7. Beyond acquiring fighters, the QEAF received their first of 24 Apaches during a ceremony at Boeing’s Mesa production plant in Arizona on 14 Mar 2019. In May 2020, it was reported that just after deliveries commenced, the US State Department approved the sale of a further 24 AH-64Es to Qatar, making for a final fleet of 48. However, that follow-on contract has not yet been finalised.

8. Qatar’s 1st squadron of AH-64Es will replace the QEAF’s ageing Aerospatiale SA 342 Gazelle attack helicopters in the close air support, armed reconnaissance, and anti-tank roles.

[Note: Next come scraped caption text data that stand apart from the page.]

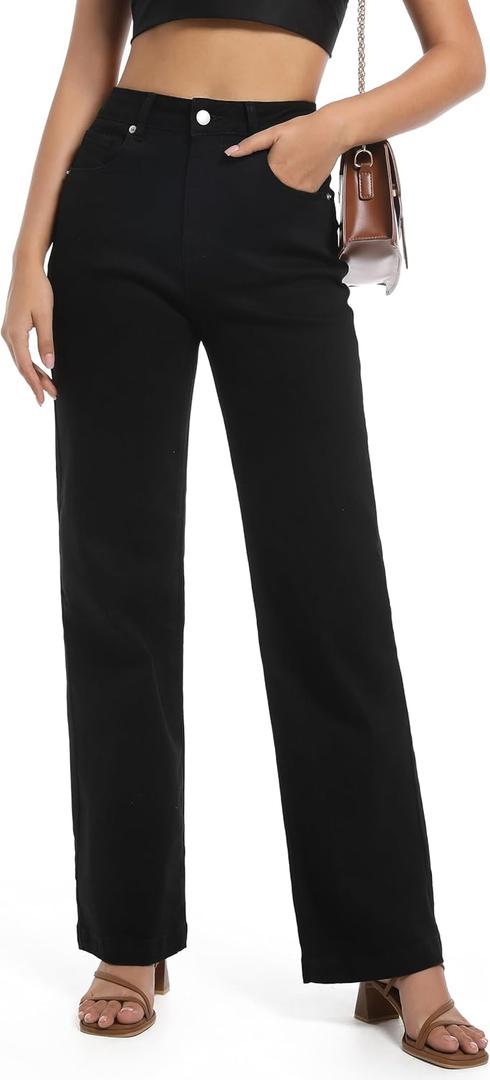 Women's Jeans High Waisted Straight Leg Stretchy Jeans Trendy Wide Leg Tummy Control Loose Casual Denim Pants (8, Black)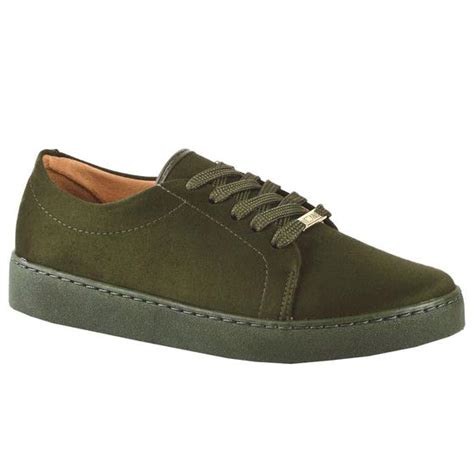 Tênis Verde Militar Feminino - Tênis Camurça Flex Verde Militar - Vizzano Verde - Tênis Feminino ...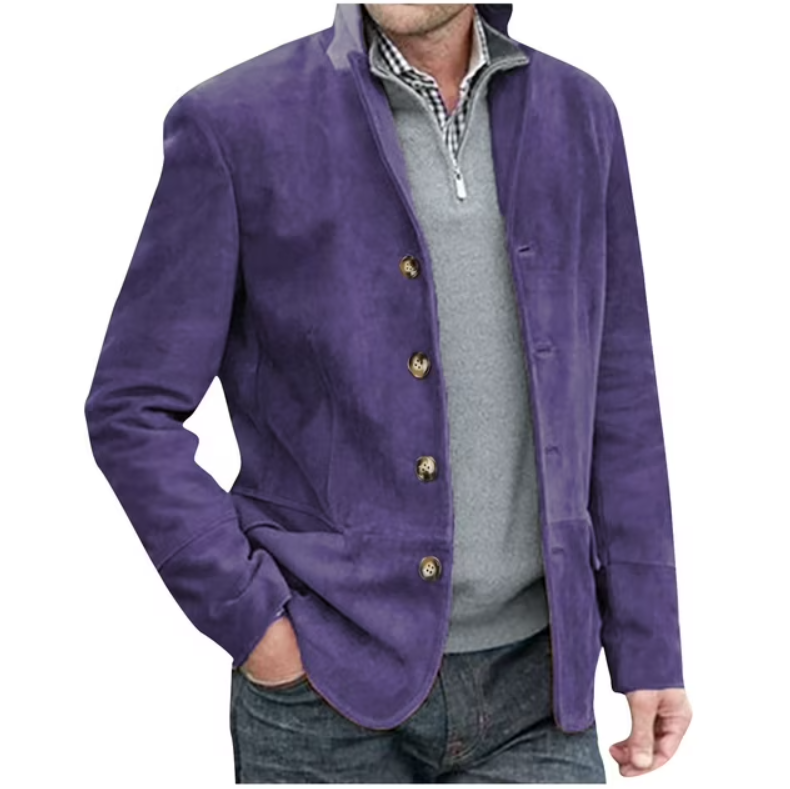 ModeGeist | Herren Wildleder Blazer Jacke, Blau & Braun, Elegant & Vielseitig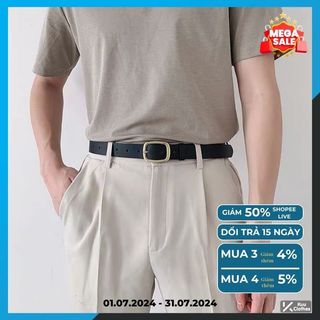 Thắt Lưng Da Nam Phong Cách Hàn Quốc OVAN Kuu Clothes Màu Đen Đẹp Cao Cấp Trẻ Trung - Dây Lưng Nam Chất Liệu Da Thật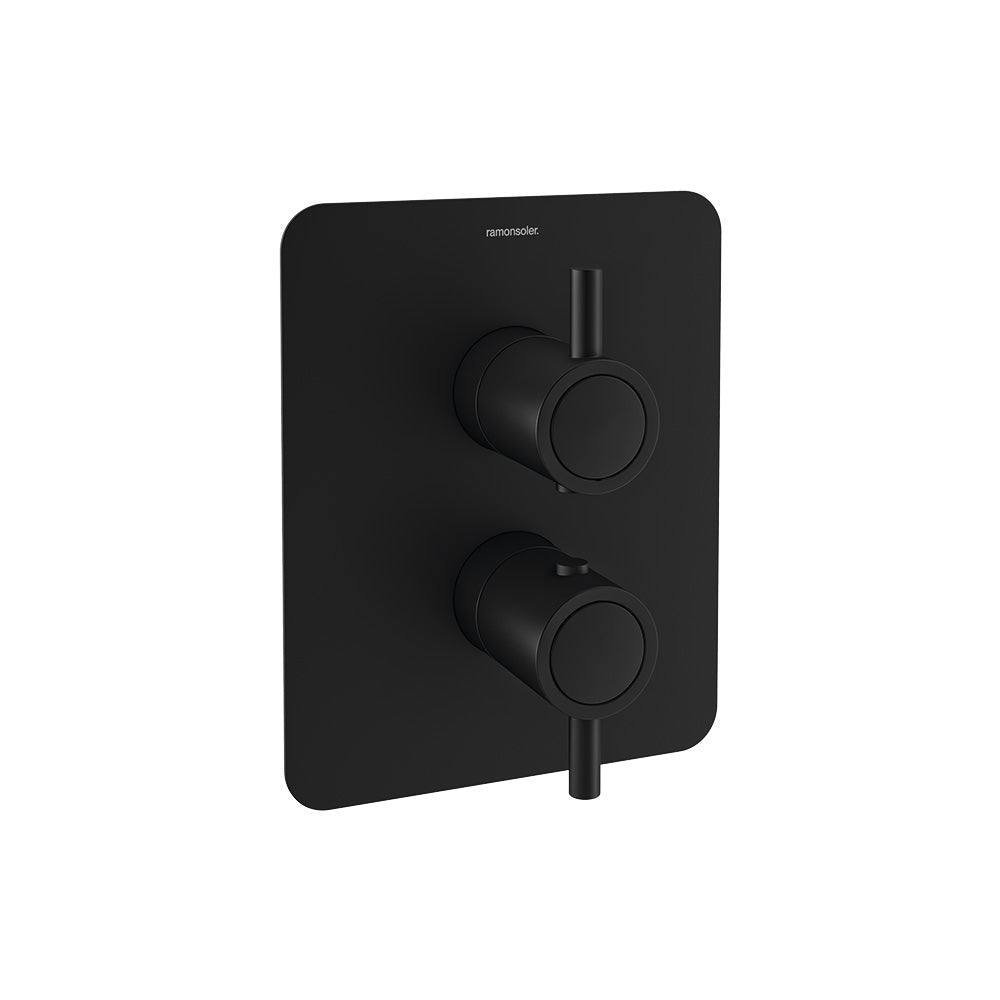 Ramon Soler - Odisea, termostático de ducha empotrado 1 vía con placa metálica, negro mate - BricoandPool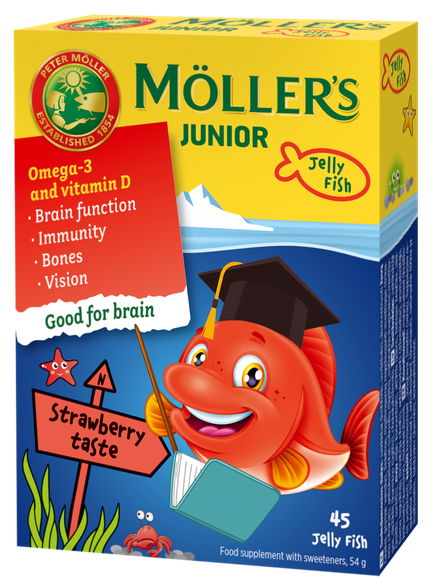 MOLLERS JUNIOR (strawberry flavor) guminukai-žuvytės, 45 vnt.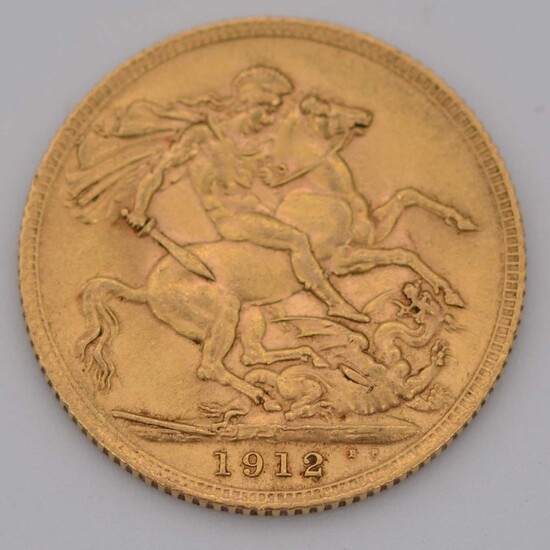 George V gold Sovereign coin, 1912, 8g.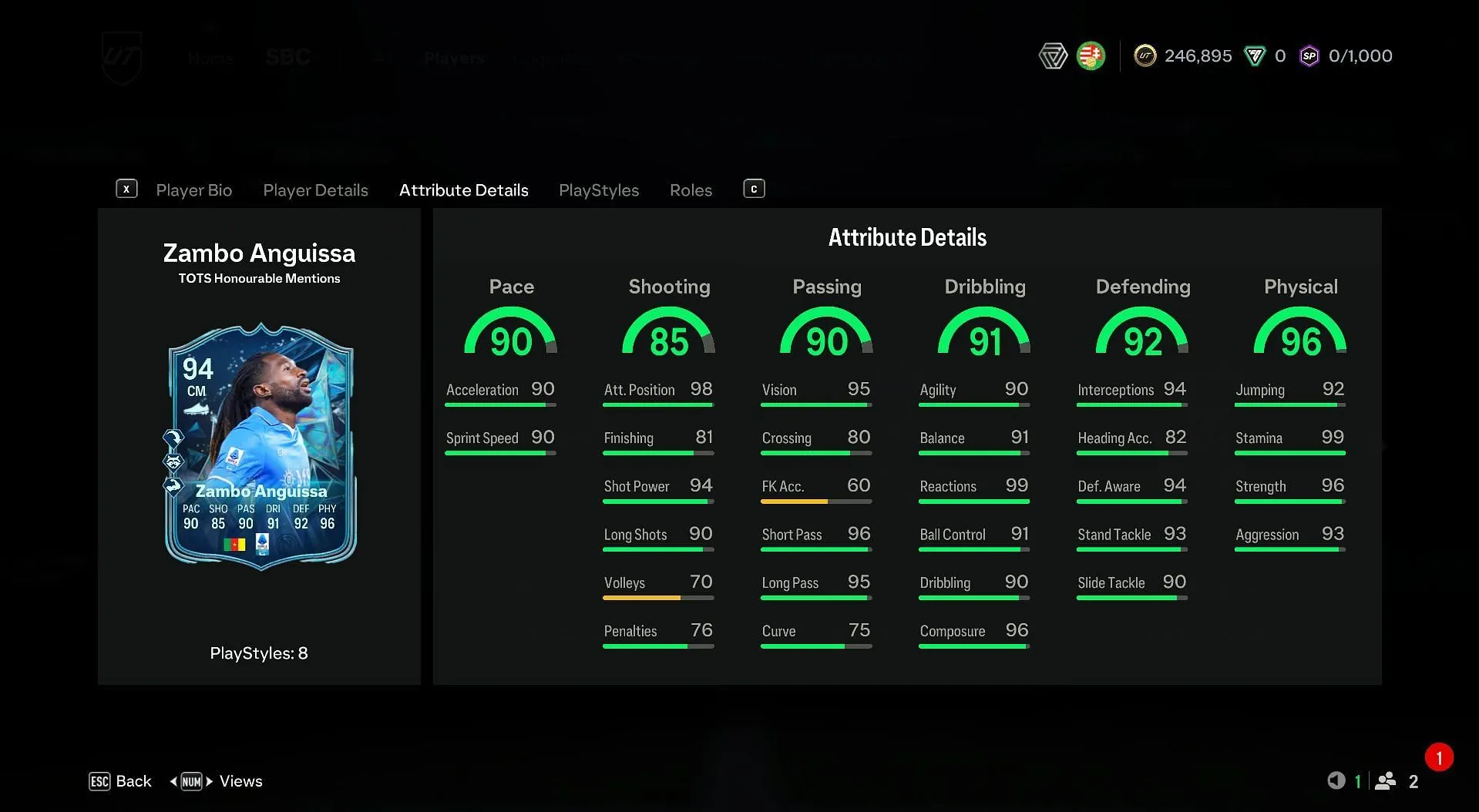 Zambo Anguissa TOTS Honourable Mentions SBC stats (Image via EA Sports) Zambo Anguissa TOTS Honourable Mentions SBC stats (Image via EA Sports)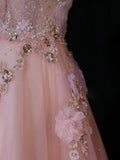 Modest Prom Dresses Aesthetic A Line Spaghetti Straps Pink Tulle Inspiration Impress Long Party Formal Gown For Teenagers High Schools HZ0311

9. Qatar’s Apache procurement is part of a major recapitalisation of its capabilities that has included the acquisition of 8 C-17s, 2 A330 MRTTs and 4 C-130J-30s; 28 NH90 (16 TTH, 12 NFH) and 16 H125 helicopters; and a Patriot ground-based air-defence system.
(a) With regard to the NH90, Leonardo acts as an overall prime contractor with responsibility for the management of the entire programme valued at more than €3 billion to the NHI consortium.​
(b) This Qatar helicopter order will be split in 16 NH90-TTHs (Troop Transport Helicopter) and 12 NH90-NFHs (Navy Frigate Helicopter), with deliveries, starting from the 2019-2020 time frame. Of the total order, the 16-strong batch in the TTH version for the Army will be built at Airbus Helicopter’s plant at Marignane, southern France. France’s new baseline TTH variant in 2025-2026 include the addition of Safran’s new EuroFLIR electro-optical/infrared imaging system, with displays and controls available for the helicopter’s entire crew; plus the upgraded removable ‘leaf’ doors and a beam to allow fast-roping from the rear ramp, plus additional ceiling-mounted rope anchor points. Although billed as a special forces variant, the French DGA procurement agency sees potential to roll out the updates across the army’s entire NH90 fleet. The remaining 12 units for Qatar will be in the NFH configuration, to be assembled in Italy and equipped with MBDA's Marte ER anti-ship missiles.​
(c) It is likely that the Marina Militare Italiana will be training Qatar’s pilots to operate their NH90-NFHs with their 4 Italian built, 3,250 ton, Doha-class air defense corvettes and their mini-LHD (based on the San Giusto-class). The 142.90 m long mini-LHD has a flat deck is large enough to accommodate two NH90s (with 1x spot forward and 1x spot aft) and space in the hangar for up to 5 NH90s.​

10. There have also been reports that the country is looking to buy additional tankers, with the Boeing KC-46A Pegasus being considered along with more MRTTs.